Now we need to figure out how to extract the text of the article from the mess of HTML. We need to strip out all of the ads and repeated quotes. One key part will be extracting the interviewer's questions, and the response that follows.

In [None]:

#failory has tags at the start of each article
#these are: location, area, failure cause #1, failure cause #2
#these are obviously extremely useful, so we want to extract them
#try to find location
def get_failory_tags(text):
    soup = BeautifulSoup(text, "html.parser")
    article_tags = []
    div_tags = soup.findAll('div')
    for i in range(len(div_tags)):
        try:
            if(div_tags[i]["class"][0] =="secondary-tag-interview"):
                if(div_tags[i].text):
                    article_tags.append(div_tags[i].text)
        except:
            continue
    return article_tags

In [None]:
database_dict_list = []
sqlstr = 'SELECT url, text, tags FROM Startups'
for row in cur.execute(sqlstr):
    entry = {}
    entry['url'] = row[0]
    entry['text'] = row[1]
    entry['tags'] = row[2]
    database_dict_list.append(entry)



In [None]:
for entry in database_dict_list:
    if('failory' in entry['tags']):
        #the following will only work for failory articles
        #so check because we may have non-failory articles in database later
        entry['failory_tags'] = get_failory_tags(entry['text'])

In [None]:
database_dict_list[3]

In [None]:
country_list = [entry['failory_tags'][0] for entry in database_dict_list if 'failory_tags' in entry]

In [None]:
print(set(country_list))

In [None]:
import pandas as pd
from geopy.geocoders import Nominatim
geolocator = Nominatim(user_agent="startup-analysis")

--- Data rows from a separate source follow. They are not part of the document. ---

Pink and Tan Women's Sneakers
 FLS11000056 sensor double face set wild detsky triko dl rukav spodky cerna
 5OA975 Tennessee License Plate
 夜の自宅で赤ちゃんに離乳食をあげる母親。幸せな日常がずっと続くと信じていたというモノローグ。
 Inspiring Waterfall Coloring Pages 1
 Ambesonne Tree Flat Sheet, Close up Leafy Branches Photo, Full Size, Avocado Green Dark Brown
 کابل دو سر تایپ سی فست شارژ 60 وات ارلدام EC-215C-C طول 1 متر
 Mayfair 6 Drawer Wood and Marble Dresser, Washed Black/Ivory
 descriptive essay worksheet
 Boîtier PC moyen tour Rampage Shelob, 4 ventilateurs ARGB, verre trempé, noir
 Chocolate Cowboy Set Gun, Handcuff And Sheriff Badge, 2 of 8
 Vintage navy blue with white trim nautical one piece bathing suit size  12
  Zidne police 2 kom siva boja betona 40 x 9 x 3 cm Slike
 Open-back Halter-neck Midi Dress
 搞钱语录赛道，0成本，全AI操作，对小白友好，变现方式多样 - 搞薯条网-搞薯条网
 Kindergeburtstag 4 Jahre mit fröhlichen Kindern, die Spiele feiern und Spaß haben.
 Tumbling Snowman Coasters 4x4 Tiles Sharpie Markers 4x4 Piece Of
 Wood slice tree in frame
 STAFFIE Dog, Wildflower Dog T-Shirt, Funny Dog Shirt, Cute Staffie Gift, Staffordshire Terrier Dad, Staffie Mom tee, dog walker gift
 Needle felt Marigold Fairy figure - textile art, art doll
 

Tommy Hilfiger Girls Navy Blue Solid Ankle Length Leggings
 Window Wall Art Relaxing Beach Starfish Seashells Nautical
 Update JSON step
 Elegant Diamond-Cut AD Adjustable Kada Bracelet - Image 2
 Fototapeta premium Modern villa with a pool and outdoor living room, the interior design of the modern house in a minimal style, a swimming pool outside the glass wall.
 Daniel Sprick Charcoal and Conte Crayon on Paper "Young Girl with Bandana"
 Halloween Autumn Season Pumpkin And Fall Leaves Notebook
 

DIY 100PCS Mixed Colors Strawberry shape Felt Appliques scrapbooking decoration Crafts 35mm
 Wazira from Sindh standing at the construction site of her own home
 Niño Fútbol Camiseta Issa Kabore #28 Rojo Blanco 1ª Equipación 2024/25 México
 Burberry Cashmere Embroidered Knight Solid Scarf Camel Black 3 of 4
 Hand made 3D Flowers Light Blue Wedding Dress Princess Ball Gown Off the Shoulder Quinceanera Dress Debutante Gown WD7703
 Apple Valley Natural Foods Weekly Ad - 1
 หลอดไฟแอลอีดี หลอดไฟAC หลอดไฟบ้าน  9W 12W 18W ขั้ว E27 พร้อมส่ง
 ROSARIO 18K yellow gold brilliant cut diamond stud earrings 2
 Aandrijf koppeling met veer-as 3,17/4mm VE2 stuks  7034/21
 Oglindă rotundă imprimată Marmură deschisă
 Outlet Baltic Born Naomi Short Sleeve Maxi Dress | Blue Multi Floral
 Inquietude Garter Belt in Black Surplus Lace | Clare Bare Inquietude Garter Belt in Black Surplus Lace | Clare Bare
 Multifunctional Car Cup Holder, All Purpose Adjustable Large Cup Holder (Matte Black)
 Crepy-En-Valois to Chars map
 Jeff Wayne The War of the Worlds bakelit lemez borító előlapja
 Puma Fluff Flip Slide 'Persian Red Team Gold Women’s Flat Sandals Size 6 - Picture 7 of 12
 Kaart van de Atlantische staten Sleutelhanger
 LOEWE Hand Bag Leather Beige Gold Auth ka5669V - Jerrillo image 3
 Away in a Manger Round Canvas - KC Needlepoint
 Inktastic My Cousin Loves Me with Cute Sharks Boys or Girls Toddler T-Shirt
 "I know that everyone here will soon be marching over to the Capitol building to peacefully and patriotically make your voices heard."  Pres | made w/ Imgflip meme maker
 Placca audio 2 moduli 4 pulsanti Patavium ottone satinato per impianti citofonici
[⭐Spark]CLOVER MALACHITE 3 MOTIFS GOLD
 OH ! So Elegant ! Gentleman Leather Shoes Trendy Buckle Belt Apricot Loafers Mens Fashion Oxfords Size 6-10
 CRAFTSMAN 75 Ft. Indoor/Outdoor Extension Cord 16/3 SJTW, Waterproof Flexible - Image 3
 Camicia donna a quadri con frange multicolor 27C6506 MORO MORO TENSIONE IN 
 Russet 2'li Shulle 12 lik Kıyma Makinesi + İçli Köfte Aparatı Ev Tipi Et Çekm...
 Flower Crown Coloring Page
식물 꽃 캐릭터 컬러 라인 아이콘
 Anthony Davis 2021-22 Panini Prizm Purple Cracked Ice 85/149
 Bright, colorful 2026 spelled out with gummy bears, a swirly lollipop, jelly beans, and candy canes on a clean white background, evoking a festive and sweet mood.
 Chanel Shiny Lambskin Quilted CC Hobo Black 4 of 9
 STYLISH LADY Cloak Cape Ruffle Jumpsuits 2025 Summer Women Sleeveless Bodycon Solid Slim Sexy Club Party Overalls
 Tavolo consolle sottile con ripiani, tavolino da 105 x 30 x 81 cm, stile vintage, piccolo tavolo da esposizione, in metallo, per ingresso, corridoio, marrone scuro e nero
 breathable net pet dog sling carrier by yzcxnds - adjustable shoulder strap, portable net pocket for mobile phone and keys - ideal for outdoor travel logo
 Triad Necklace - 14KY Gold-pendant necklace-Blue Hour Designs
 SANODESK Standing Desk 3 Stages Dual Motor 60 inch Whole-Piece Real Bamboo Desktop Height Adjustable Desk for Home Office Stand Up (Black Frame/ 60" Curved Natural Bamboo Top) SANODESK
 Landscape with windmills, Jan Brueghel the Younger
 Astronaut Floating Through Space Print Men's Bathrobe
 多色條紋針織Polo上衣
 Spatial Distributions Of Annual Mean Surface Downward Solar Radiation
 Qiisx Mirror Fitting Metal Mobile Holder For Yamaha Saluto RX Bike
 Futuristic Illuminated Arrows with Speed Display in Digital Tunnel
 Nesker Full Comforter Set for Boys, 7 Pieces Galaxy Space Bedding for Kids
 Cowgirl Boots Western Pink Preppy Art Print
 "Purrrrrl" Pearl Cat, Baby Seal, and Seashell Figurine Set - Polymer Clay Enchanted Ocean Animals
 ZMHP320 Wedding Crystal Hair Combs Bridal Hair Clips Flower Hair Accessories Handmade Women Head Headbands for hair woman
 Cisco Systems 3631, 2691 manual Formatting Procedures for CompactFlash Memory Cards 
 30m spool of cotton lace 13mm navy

#get coordinates for each country
locations = []
scales = []
for c in list(set(country_list)):
    
    location = geolocator.geocode(c)
    scales.append(int(np.sum(np.array(country_list)==c)))
    entry = {}
    entry['latitude'] = location.latitude
    entry['longitude'] = location.longitude
    locations.append(entry)
locations = pd.DataFrame(locations)

In [None]:
scales_to_plot = [int(np.floor(1.5*np.sqrt(s) + 0.5)) for s in scales]

In [None]:
import gmaps
gmaps.configure(api_key=googlemaps_api_key)
coordinates = (30, 0)
fig = gmaps.figure(center=coordinates, zoom_level=2, layout={'width': '1000px', 'height': '600px'})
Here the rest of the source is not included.